“I know Kung-Fu” – we all remember Neo getting patched into the Matrix and learning Kung Fu from what was, essentially, Matrix YouTube. There are seemingly endless resources available to help do-it-yourselfers, such as books with step-by-step instructions and the before mentioned online how-to videos. The general rule is to undertake projects you feel comfortable with and have the skill set to complete with good results. Most people are handy with a paintbrush and can save some bucks handling cosmetic improvements themselves. Others are willing to expand their repertoire to install tile, replace countertops, or even build a deck.
When considering what home improvement projects you can handle and what should be left to the professionals there are three major signs that a job is too dangerous for the Weekend Warrior.
It Could Kill You. The first question you need to ask yourself about any DIY job is, what is the worst possible thing that could happen if you mess it up? For some jobs, such as roofing or major electrical work, the answer is, “I could get killed.” That answer is an obvious red flag – a warning sign that this is a job for a professional who is trained to handle its dangers.
It Could Destroy Your Home. Major plumbing jobs, such as moving bathroom fixtures, fit into this category. If you don’t get everything properly installed and tightened, you can end up with a water leak – possibly one that goes unnoticed for years until it weakens a wall to the point of collapse. Of course, that would also be true if a plumber hired by you made the same mistake – but in that case the plumber would be at fault and would have to pay for the damage.
It Requires a Permit. One warning sign that a job is probably too complicated for a DIY job is that it requires a building permit – a document that guarantees a construction job was done safely. Each municipality has its own rules about which jobs require permits. The fact that you need one is a sign that you should think carefully about whether this is a job you really want to tackle yourself.

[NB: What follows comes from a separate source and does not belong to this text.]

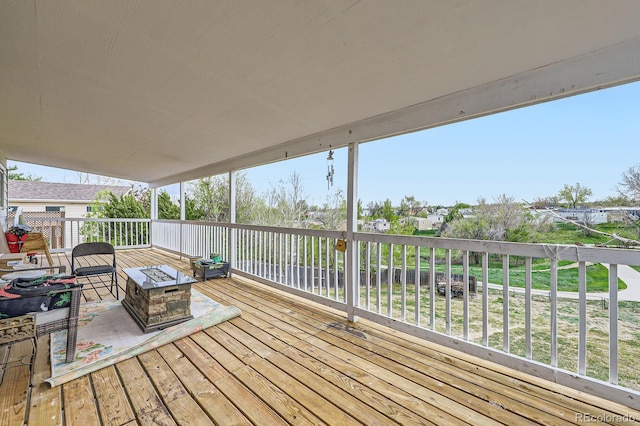 wooden deck featuring a fire pit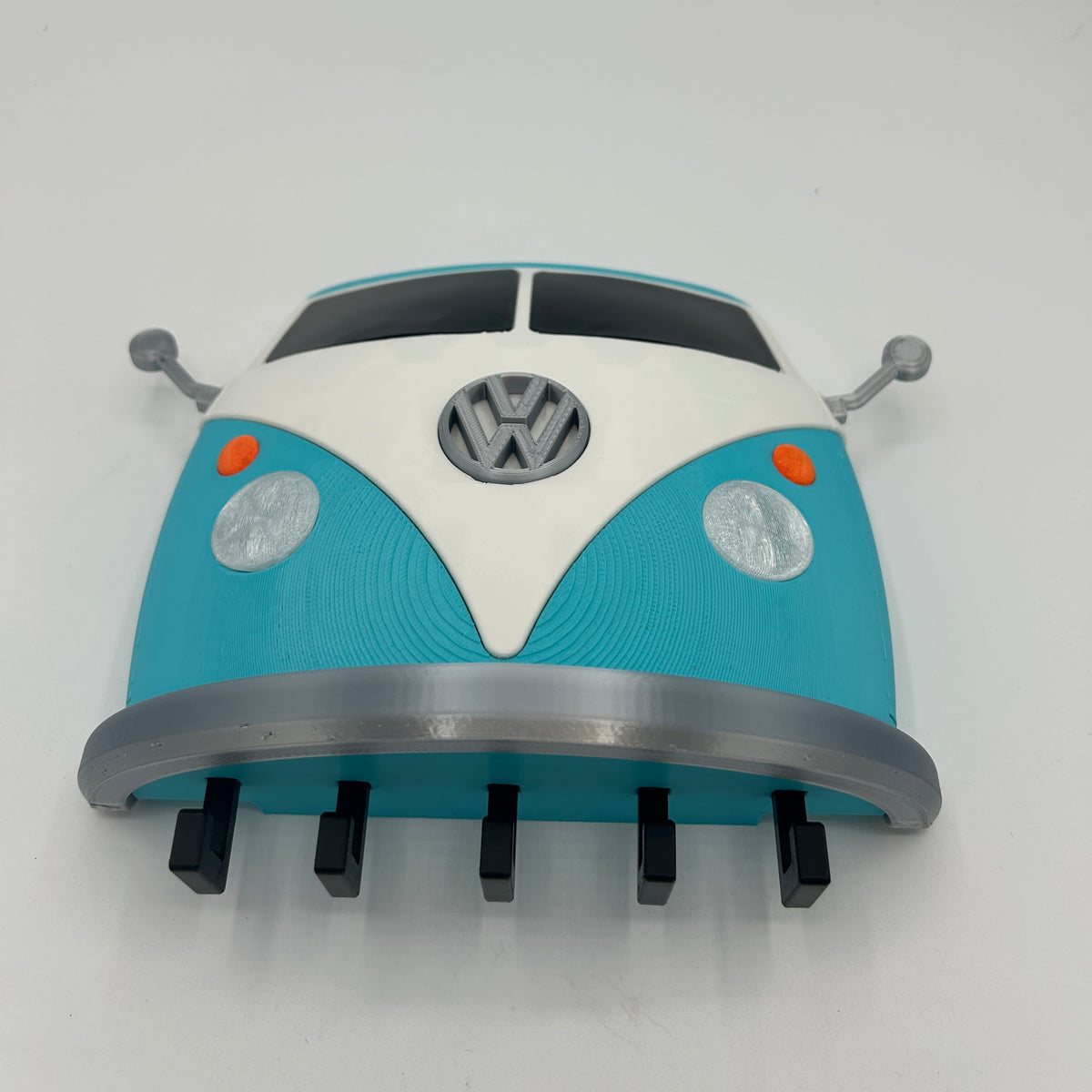 A novelty wall clock shaped like the front of a classic V Dub Type 2 van, featuring a turquoise and white body with a grey logo, black tires, and silver side mirrors, photographed against a plain white background.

There are a few jobs that you should not even consider tackling if your skills are closer to handyman level. When planning an addition or home remodeling project, time is money and the more time spent on the project, the more it will cost in the long run. While it may be tempting to do the project yourself to save money, you never want to find yourself in the middle of a project unsure of what to do next. This is especially true if you run into a problem, or worse, lose motivation and never get the job done. These are the situations when you want to hire a pro.
Driveway repaving can be a difficult home project for a DIYer because to do it properly the surface must be level or you'll end up with a cracked, crumbling driveway. You can certainly do some driveway patching yourself. But when it comes time to repave, hire a pro who has the proper tools to do it right which will save you money in the long run.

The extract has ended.